**GOAL OF THE EXERCISE**
Begin at the line below that has "2C3CDXBG7GH242315 2016 DODGE" and stop after the line that has "Arket LINDEN Bootcut Jeans -Blau Blau". Please restate only those lines, word for word.

**GIVEN DATA**
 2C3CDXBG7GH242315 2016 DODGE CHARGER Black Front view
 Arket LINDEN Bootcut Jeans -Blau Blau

--

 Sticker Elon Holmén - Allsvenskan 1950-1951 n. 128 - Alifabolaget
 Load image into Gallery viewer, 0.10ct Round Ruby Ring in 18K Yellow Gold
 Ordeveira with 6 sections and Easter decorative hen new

**RESULT OF THE TASK**
 2C3CDXBG7GH242315 2016 DODGE CHARGER Black Front view
 Arket LINDEN Bootcut Jeans -Blau Blau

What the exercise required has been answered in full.